▶ **DATA EXTRACTS**
──────────

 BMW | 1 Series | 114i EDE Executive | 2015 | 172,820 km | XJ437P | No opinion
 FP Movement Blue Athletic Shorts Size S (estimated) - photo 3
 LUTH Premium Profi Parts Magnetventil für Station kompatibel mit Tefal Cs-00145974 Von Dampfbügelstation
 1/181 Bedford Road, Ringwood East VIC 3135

──────────

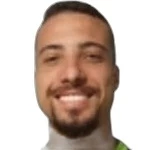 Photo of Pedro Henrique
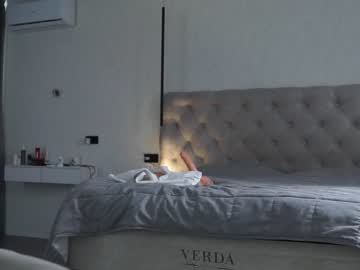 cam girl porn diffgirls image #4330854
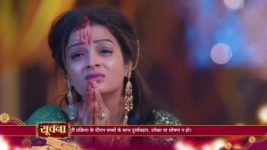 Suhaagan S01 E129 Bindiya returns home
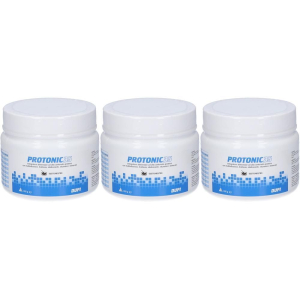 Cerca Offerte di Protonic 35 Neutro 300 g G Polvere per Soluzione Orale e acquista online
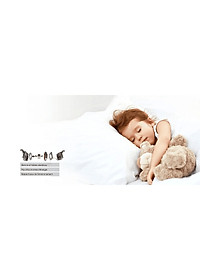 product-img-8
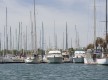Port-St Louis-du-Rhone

──────────

▶ **PROMPT**
Give back exactly the lines of the listing above that run from the line with "BMW | 1 Series" to the line with "1/181 Bedford Road, Ringwood East VIC 3135", inclusive.

▶ **TASK SOLUTION**
 BMW | 1 Series | 114i EDE Executive | 2015 | 172,820 km | XJ437P | No opinion
 FP Movement Blue Athletic Shorts Size S (estimated) - photo 3
 LUTH Premium Profi Parts Magnetventil für Station kompatibel mit Tefal Cs-00145974 Von Dampfbügelstation
 1/181 Bedford Road, Ringwood East VIC 3135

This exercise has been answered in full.